As usual, Meta is being a little vague about where it got its training data. The text data came from “the same dataset deployed in NLLB,” (sets of sentences pulled from Wikipedia, news sources, scripted speeches, and other sources and translated by professional human translators). And SeamlessM4T’s speech data came from “4 million hours of raw audio originating from a publicly available repository of crawled web data,” of which 1 million hours were in English, according to the research paper. Meta did not specify which repository or the provenance of the audio clips used.

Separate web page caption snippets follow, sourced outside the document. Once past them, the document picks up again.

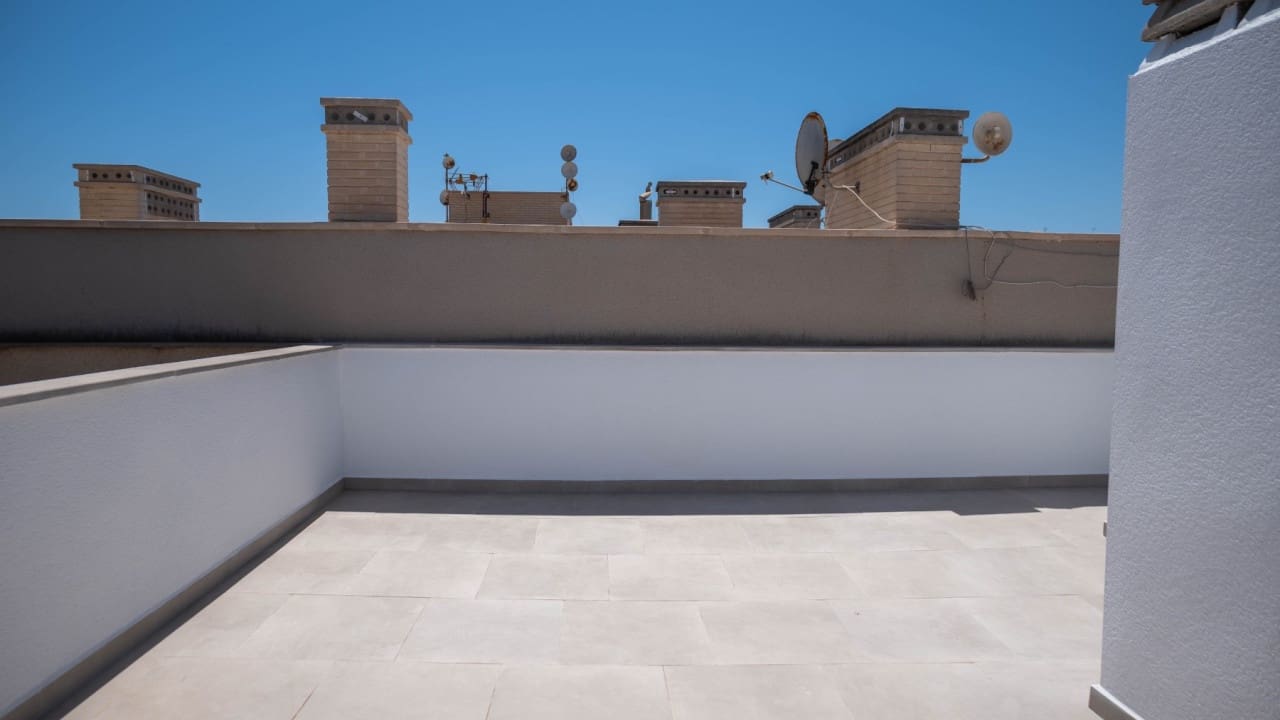 2 sovrum Lägenhet till salu i Torrevieja med pool - 310 000 € (Ref: 8535932)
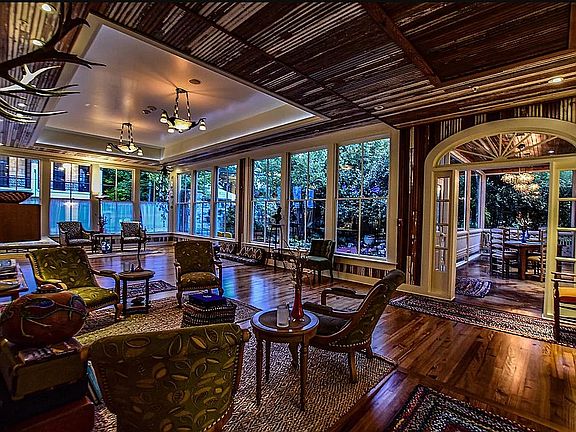 Big Room & Sun Room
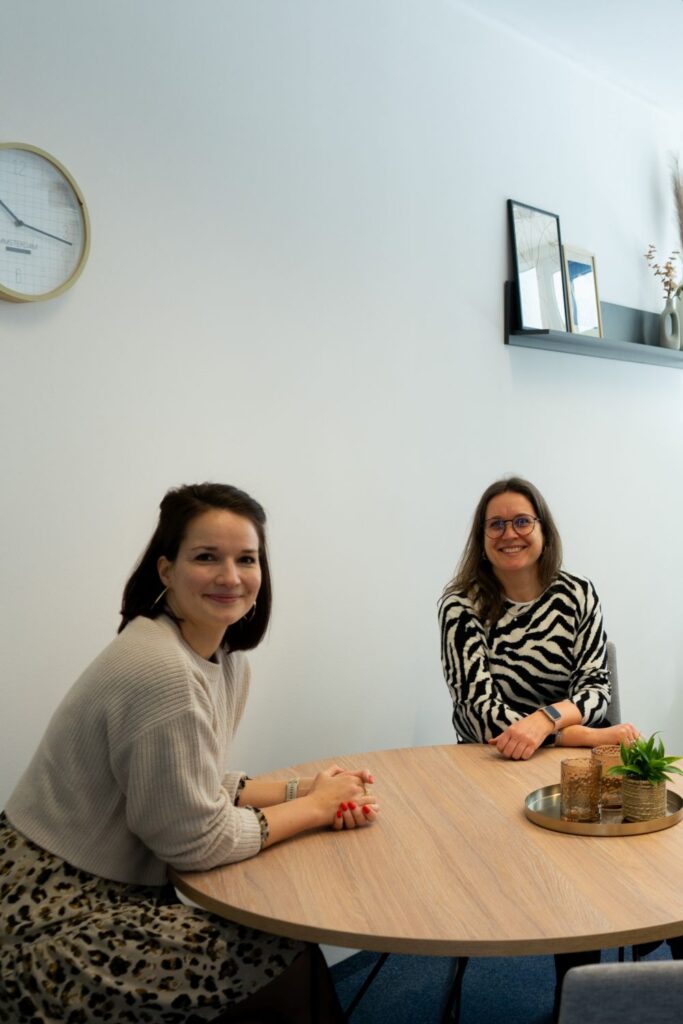 2 Frauen an einem Tisch 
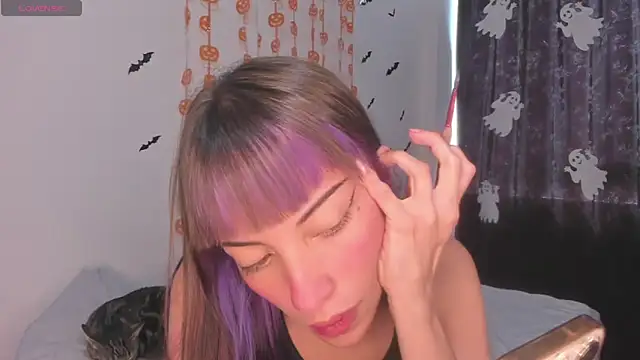 MiaGoth  online show from 10.22.25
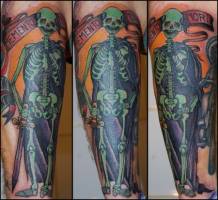Tatuaje de un esqueleto con espada y capa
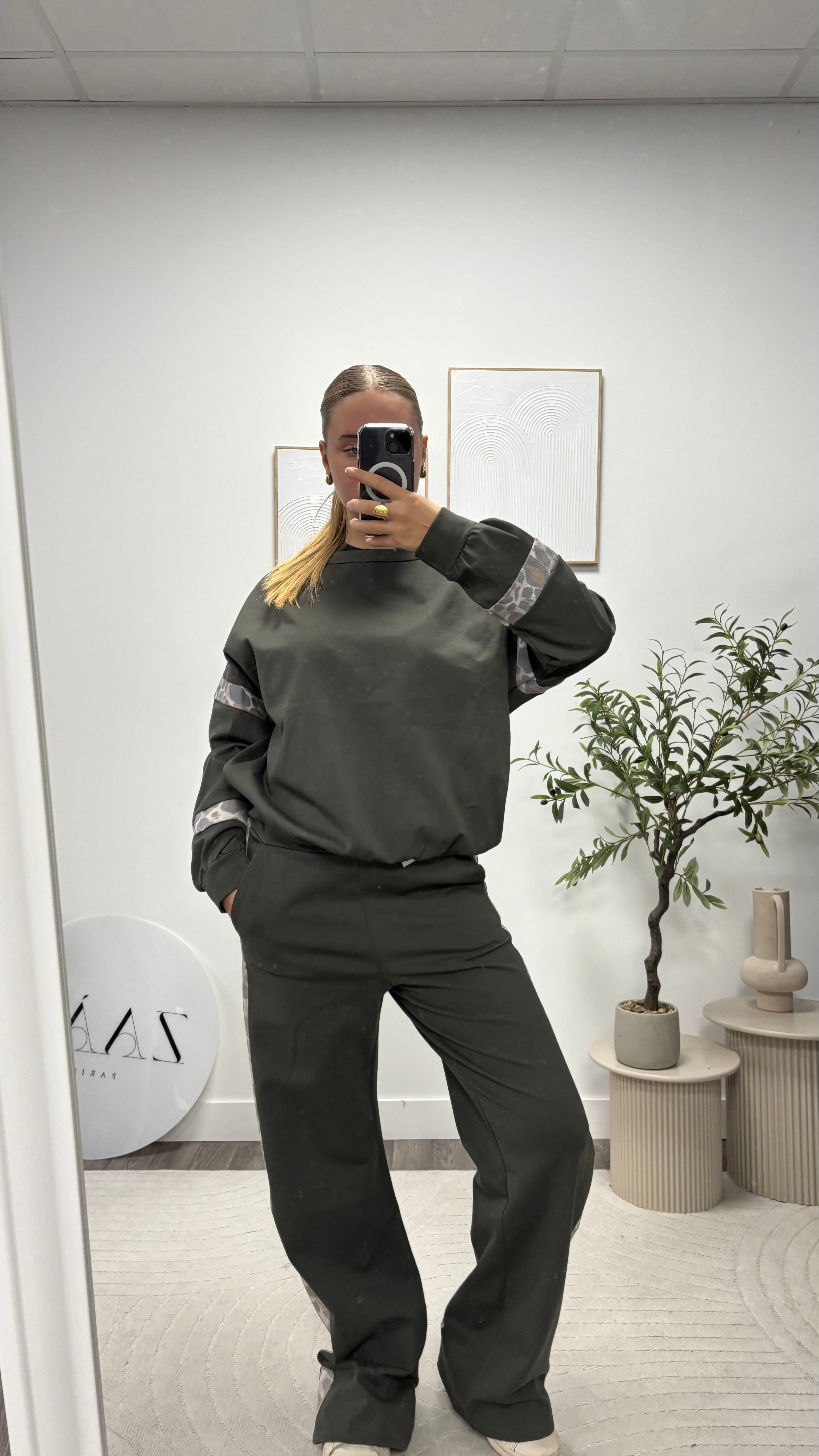 ENSEMBLE KAKI LEOPARD 1880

Meta is far from the first AI company to offer machine-learning translation tools. Google Translate has used machine-learning techniques since 2006, and large language models (such as GPT-4) are well known for their ability to translate between languages. But more recently, the tech has heated up on the audio processing front. In September, OpenAI released its own open source speech-to-text translation model, called Whisper, that can recognize speech in audio and translate it to text with a high level of accuracy.
SeamlessM4T builds from that trend by expanding multimodal translation to many more languages. In addition, Meta says that SeamlessM4T’s “single system approach”—a monolithic AI model instead of multiple models combined in a chain (like some of Meta’s previous audio-processing techniques)—reduces errors and increases the efficiency of the translation process.
More technical details on how SeamlessM4T works are available on Meta’s website, and its code and weights (the actual trained neural network files) can be found on Hugging Face.